Data supplied –
BEGIN

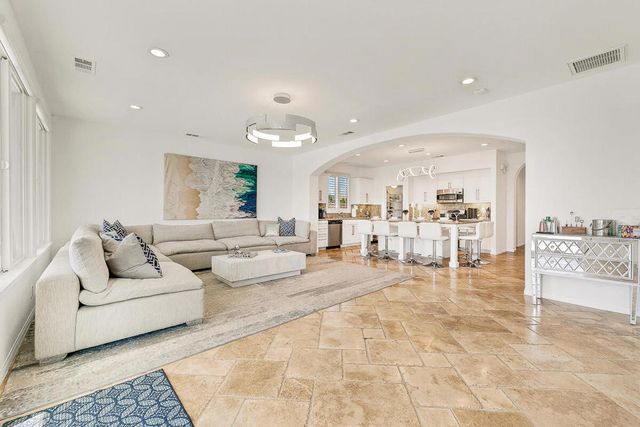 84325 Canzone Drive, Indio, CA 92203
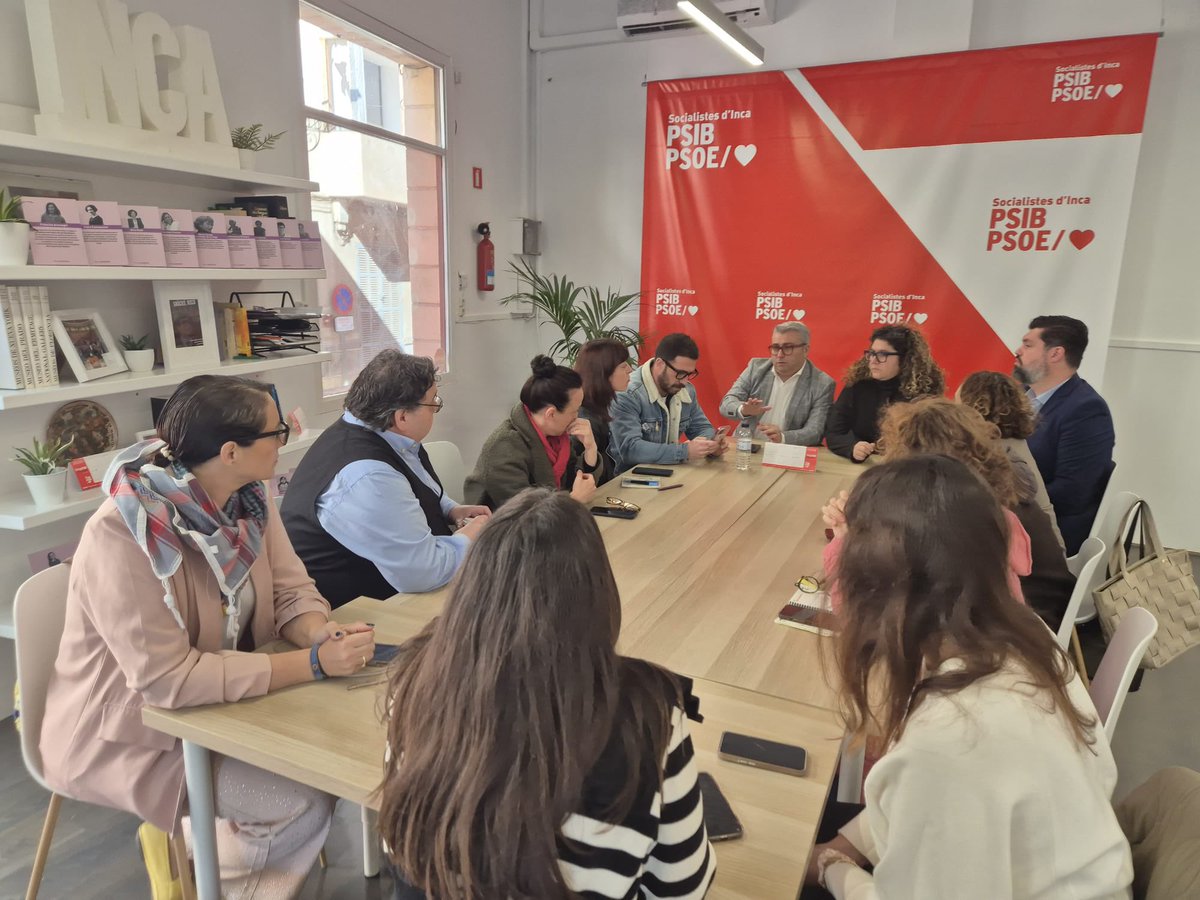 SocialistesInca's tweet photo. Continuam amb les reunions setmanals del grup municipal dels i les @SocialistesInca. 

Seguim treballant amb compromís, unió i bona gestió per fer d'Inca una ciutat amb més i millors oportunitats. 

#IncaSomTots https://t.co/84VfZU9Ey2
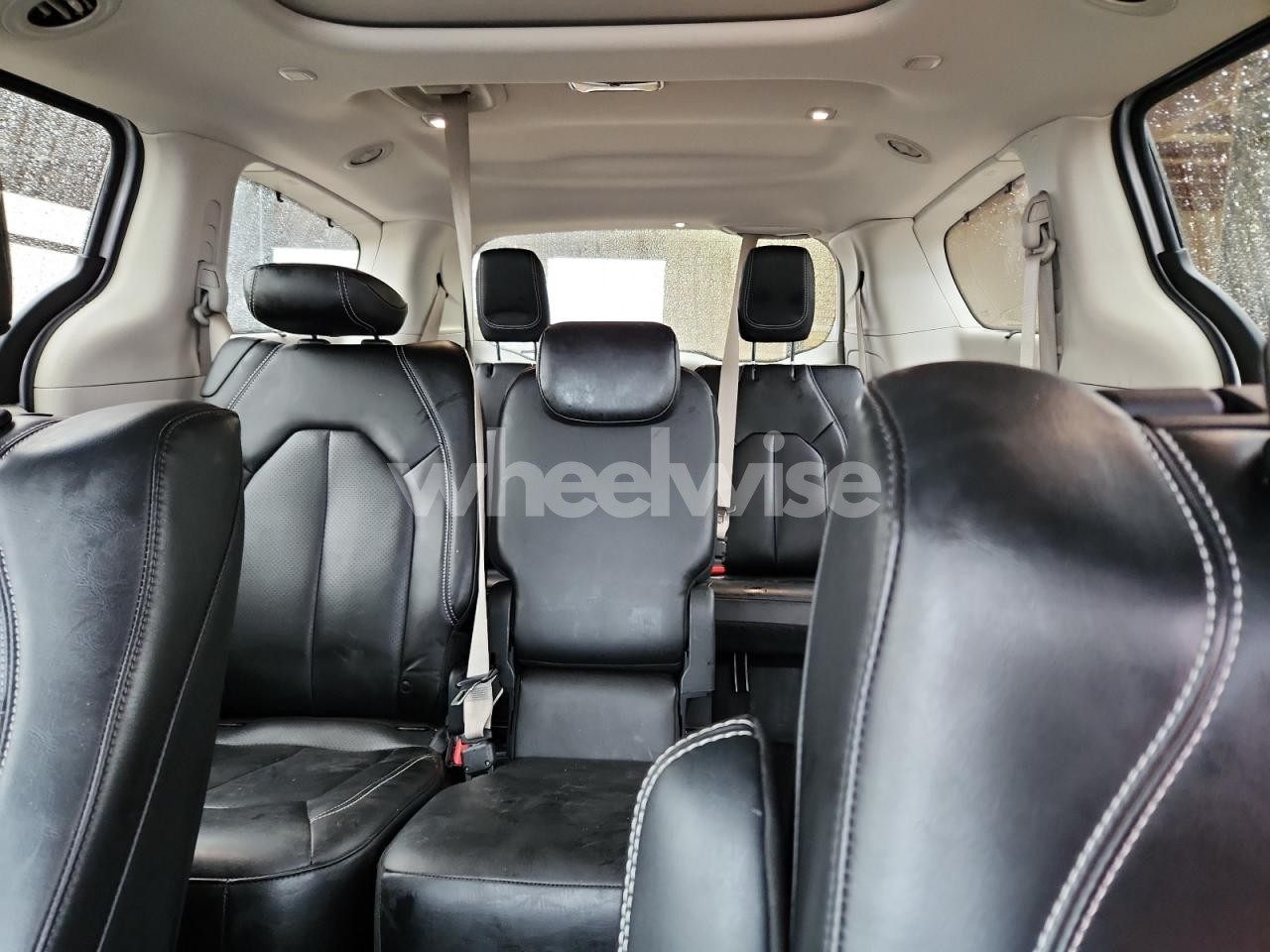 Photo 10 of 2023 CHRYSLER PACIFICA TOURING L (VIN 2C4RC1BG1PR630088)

END
BEGIN

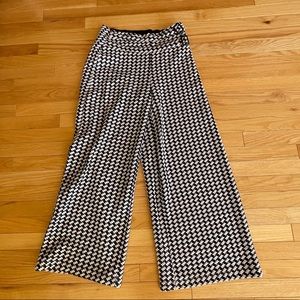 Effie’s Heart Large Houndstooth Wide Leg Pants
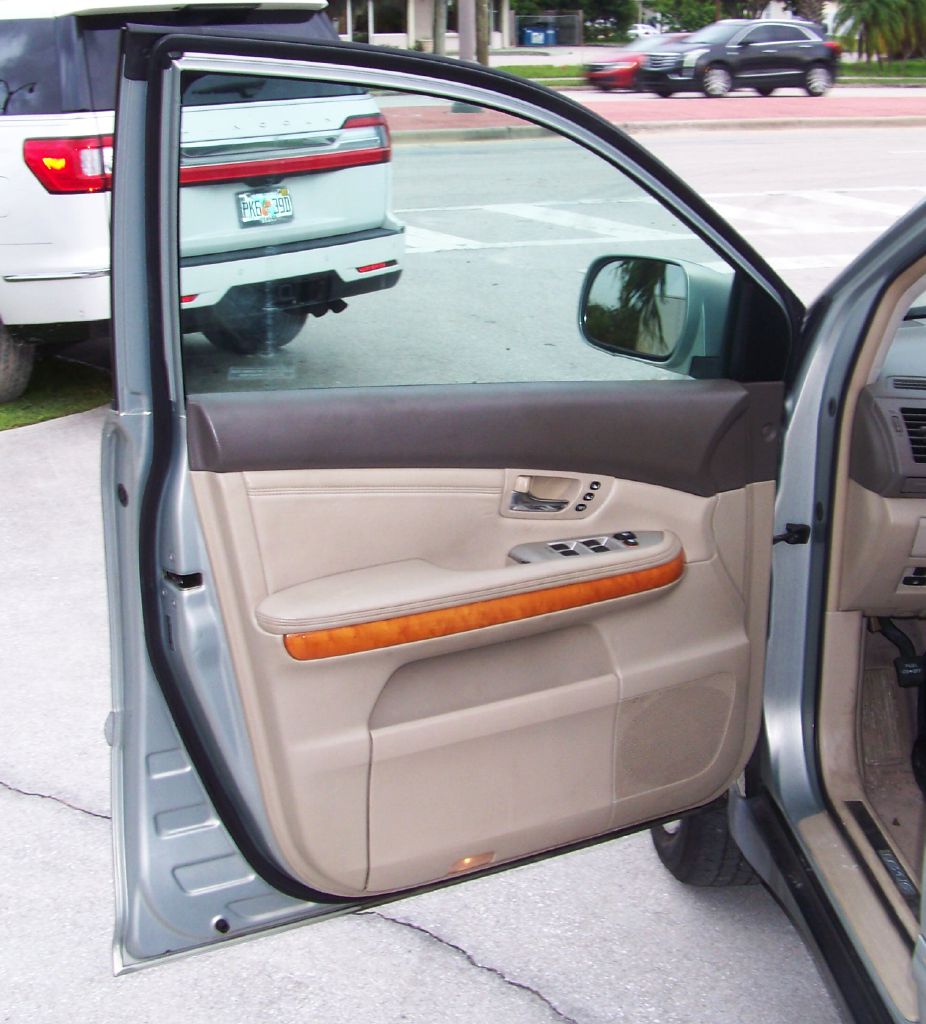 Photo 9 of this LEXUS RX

END

What is required –
Reproduce the data above exactly, but only the lines from the one showing "84325 Canzone Drive, Indio, CA 92203" through the one showing "Photo 10 of", with both ends kept and the pictures left out.

Task result –
 84325 Canzone Drive, Indio, CA 92203
 SocialistesInca's tweet photo. Continuam amb les reunions setmanals del grup municipal dels i les @SocialistesInca. 

Seguim treballant amb compromís, unió i bona gestió per fer d'Inca una ciutat amb més i millors oportunitats. 

#IncaSomTots https://t.co/84VfZU9Ey2
 Photo 10 of 2023 CHRYSLER PACIFICA TOURING L (VIN 2C4RC1BG1PR630088)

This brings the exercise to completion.